A new, smartphone-based test can assess male fertility just as easily as a pregnancy test
A technician operates a smartphone-based semen analyzer to test a sample for male infertility.
Shafiee LaB PHOTOS
In top photos, a technician operates the smartphone-based semen analyzer to test a sample for male infertility. Groups from Brigham and Women’s Hospital and Massachusetts General Hospital developed the technique, including, from left, Charles Bormann of Mass General, Hadi Shafiee of Brigham, and John Petrozza of Mass General.
By Janelle Nanos
Globe Staff

Walk through the family-planning aisle of any pharmacy, and you’ll find a preponderance of options for a woman seeking to sort out her fertility status.

From ovulation kits to pregnancy tests, the available offerings are a blunt representation of the skewed focus of fertility treatments, says Hadi Shafiee, a scientist at Brigham and Women’s Hospital and professor at Harvard Medical School.

Although men and women experience infertility in equal measure, the issue often goes undiagnosed in men due to stigma, cost, and the lack of available lab testing. “It’s mostly women that carry the weight of infertility,’’ he said.

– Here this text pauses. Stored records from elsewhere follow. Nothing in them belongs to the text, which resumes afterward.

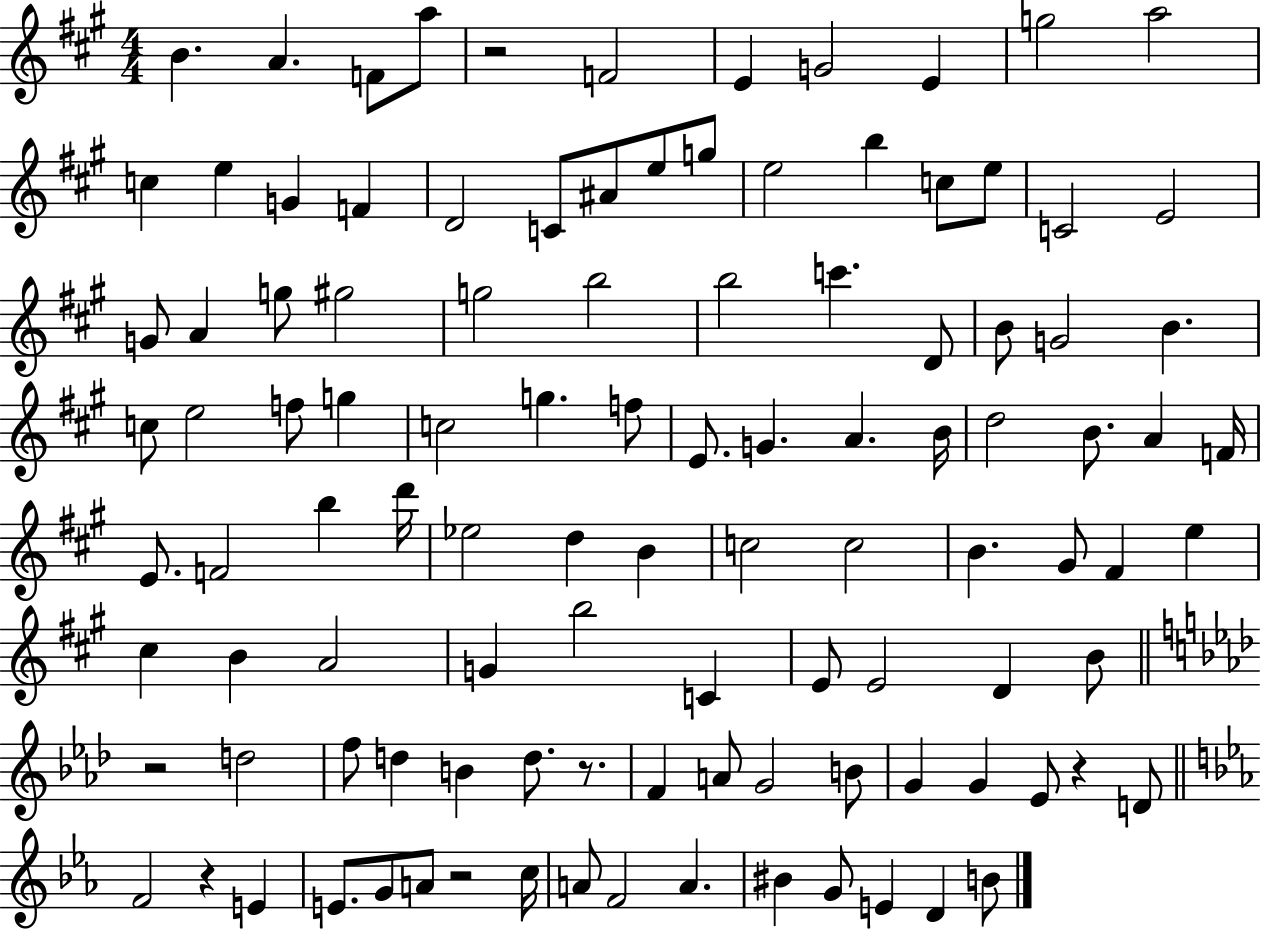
{
  \clef treble
  \numericTimeSignature
  \time 4/4
  \key a \major
  b'4. a'4. f'8 a''8 | r2 f'2 | e'4 g'2 e'4 | g''2 a''2 | \break c''4 e''4 g'4 f'4 | d'2 c'8 ais'8 e''8 g''8 | e''2 b''4 c''8 e''8 | c'2 e'2 | \break g'8 a'4 g''8 gis''2 | g''2 b''2 | b''2 c'''4. d'8 | b'8 g'2 b'4. | \break c''8 e''2 f''8 g''4 | c''2 g''4. f''8 | e'8. g'4. a'4. b'16 | d''2 b'8. a'4 f'16 | \break e'8. f'2 b''4 d'''16 | ees''2 d''4 b'4 | c''2 c''2 | b'4. gis'8 fis'4 e''4 | \break cis''4 b'4 a'2 | g'4 b''2 c'4 | e'8 e'2 d'4 b'8 | \bar "||" \break \key aes \major r2 d''2 | f''8 d''4 b'4 d''8. r8. | f'4 a'8 g'2 b'8 | g'4 g'4 ees'8 r4 d'8 | \break \bar "||" \break \key ees \major f'2 r4 e'4 | e'8. g'8 a'8 r2 c''16 | a'8 f'2 a'4. | bis'4 g'8 e'4 d'4 b'8 | \break \bar "|."
}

But Shafiee is hoping to upend that reality with a new, smartphone-based test that can assess male fertility just as easily as an at-home pregnancy test. In a paper published in the journal Science Translational Medicine on Wednesday, he and several researchers from Massachusetts General Hospital found that when reviewing 350 semen samples, their diagnostic test could measure the concentration and motility of sperm with 98 percent accuracy. Their goal: create a consumer product that men can use to test their virility at home.

“Right now there’s really nothing on the market that you can buy over-the-counter that gives us as much detail as this type of test,’’ said Charles Bormann, the IVF lab director at Mass. General, and a co-author of the study. The researchers hope that, pending FDA approval, the kits could be on drugstore shelves in about two years and cost about $50.

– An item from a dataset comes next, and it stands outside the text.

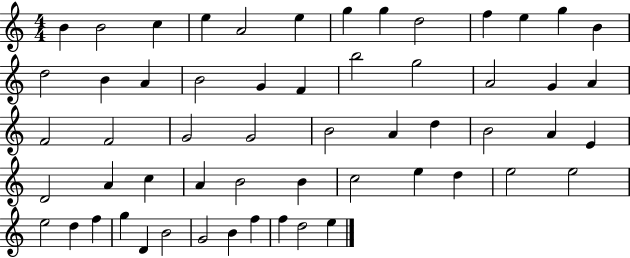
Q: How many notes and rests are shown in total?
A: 57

The sperm-testing kit consists of a small plastic device with an LED light and lenses that can be attached to a smartphone to help magnify the phone’s camera. After collecting his semen, the user would use an eye dropper-like vial to draw up a tiny amount of the sample onto a disposable microchip, much like a microscope slide. The chip is then inserted into the device, and positioned under the phone’s camera lens. An app records a short video of the semen sample and analyzes how many sperm are visible and how fast they’re moving, providing a baseline reading of sperm health.

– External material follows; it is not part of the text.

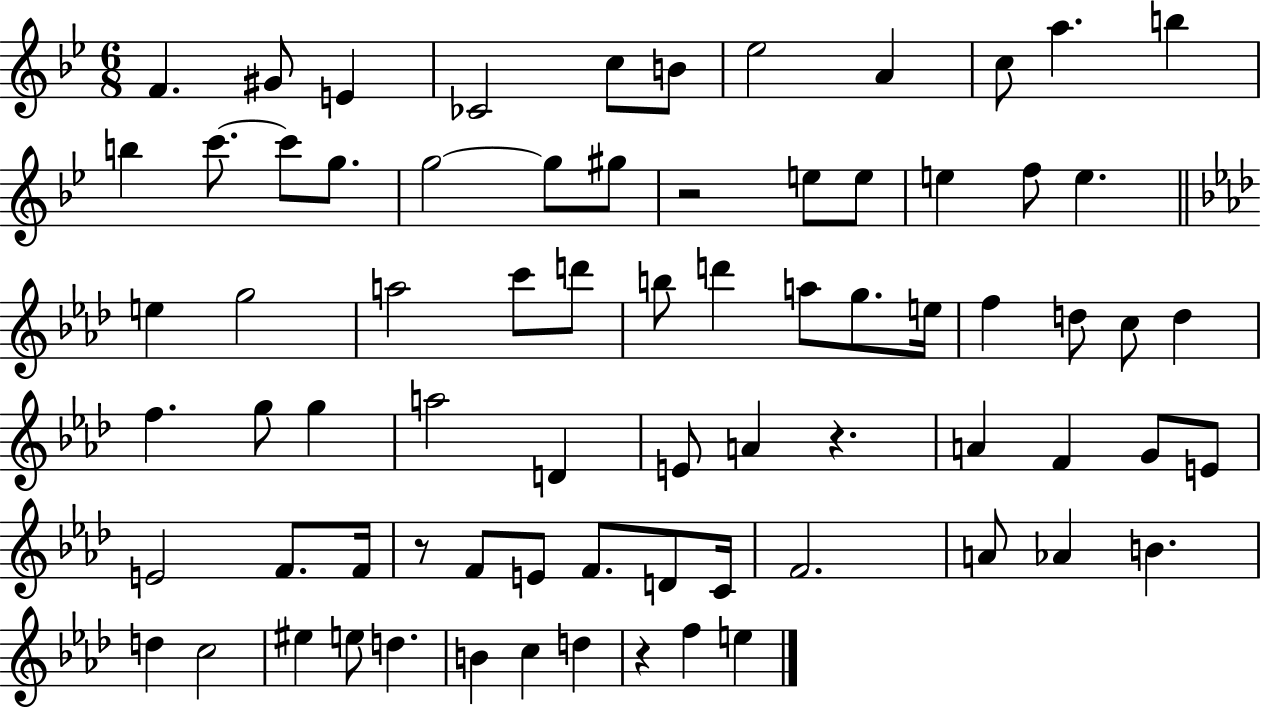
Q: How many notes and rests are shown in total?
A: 74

Co-author John Petrozza, the chief of the Reproductive Medicine andIVF division at Mass. General, says the kit could provide a simple, cost-effective solution to the problem he and his colleagues commonly face: A hesitancy on the part of men to admit they might be infertile, coupled with the taboo involved with undergoing fertility testing.

“They know they’re going to have to do a sperm test and masturbate in a cup in a tiny room somewhere in the clinic,’’ he said. “It gives them the heebie-jeebies, which means that sometimes it’s one of the last tests that we end up getting.’’

The research team funded its efforts through a $10,000 Innovation Hub grant from Brigham and Women’s Hospital. Petrozza anticipates that as designed, the tests could help customers identify a possible problem and prompt them to make an appointment sooner. He also could foresee a day when the device could be synched to the cloud, allowing doctors to monitor patients’ fertility remotely.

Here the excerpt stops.